Celebrating the Essence of the Sacred Feminine
Lakshmi Murdeshwar Puri
TREASURES OF LAKSHMI: THE GODDESS WHO GIVES by Edited by Namita Gokhale & Malashri Lal Penguin/Random House, 2024, 320 pp., INR 499.00
December 2024, volume 48, No 12

Seeing the cover and title of the book Treasures of Lakshmi: The Goddess Who Gives by the accomplished authors and leading literary figures of our times Namita Gokhale and Malashri Lal, one is at once intrigued and enthralled. The picture of the Goddess on the cover is not that of the conventional, perfectly etched and statuesque Lakshmi in a red sari sitting or standing on her lotus one is accustomed to see in calendars and pray before in paintings and idols. Instead, one sees an expressive, imposingly crowned, plump bust of the goddess, wearing Maharashtrian finery including the nath, who gazes at you with a half-smile of benediction, exuding power.

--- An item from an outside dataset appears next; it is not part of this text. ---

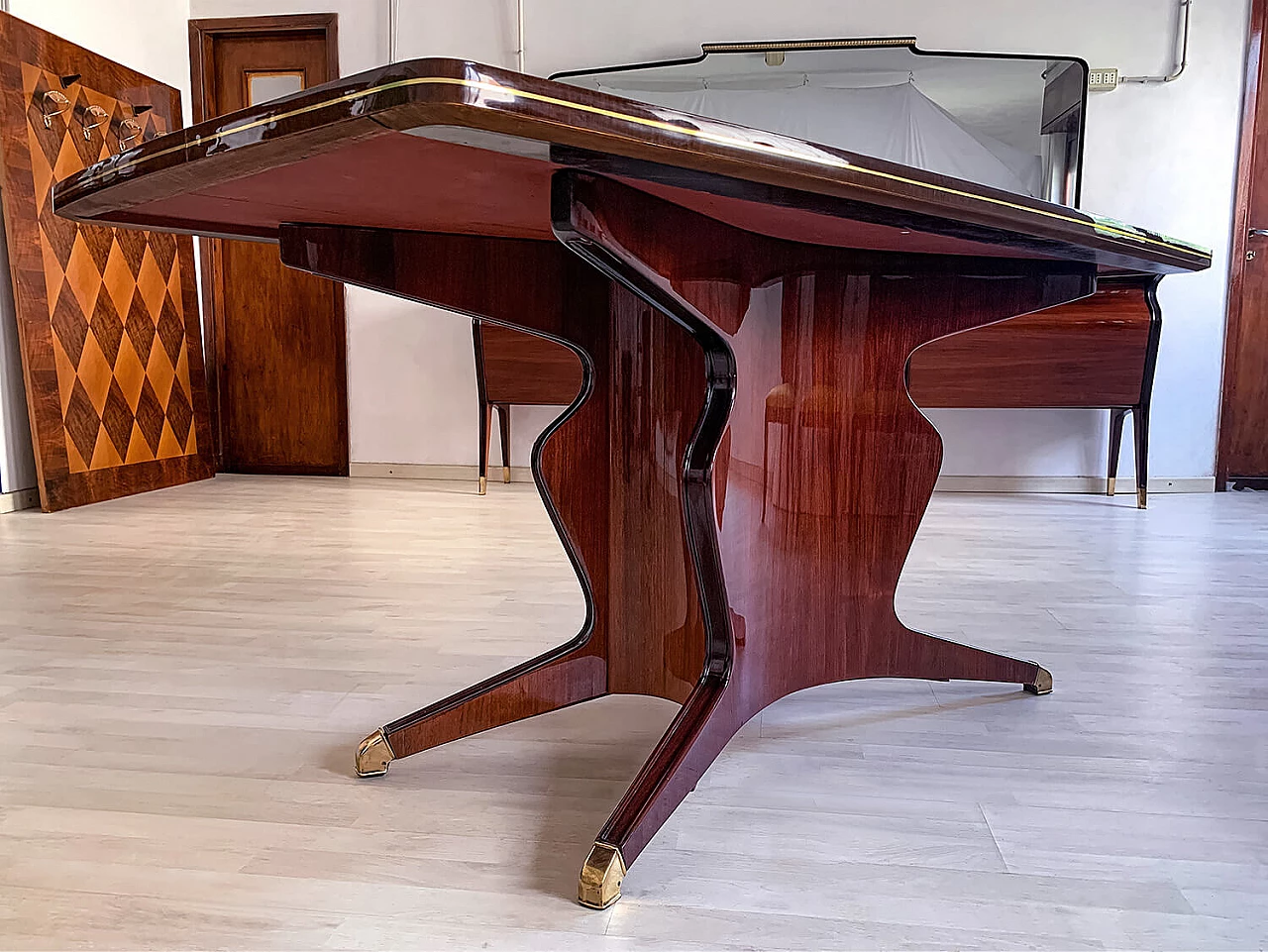 Tavolo di Osvaldo Borsani con piano in formica, anni '50 16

One is truly primed to unlock a treasure chest of the expected and least expected revelations; of the sacred alongside the poignantly human. One is stirred by the ancient sages’, including the great Shankaracharya’s sublime envisioning of her, even as she is with us in the modern age as part of what Malashri calls materiality and ‘brand rhetoric’; the beguiling stories that flow from the Ganga of ancestral memories to those stories dreamt up in our village huts by grandmothers in different parts of Bharatavarsha; the prayers and chants coming down from the Vedic age to aartis and verses sung by the everyday bhaktas and poets of this unique Sacred Feminine that Sri Lakshmi embodies.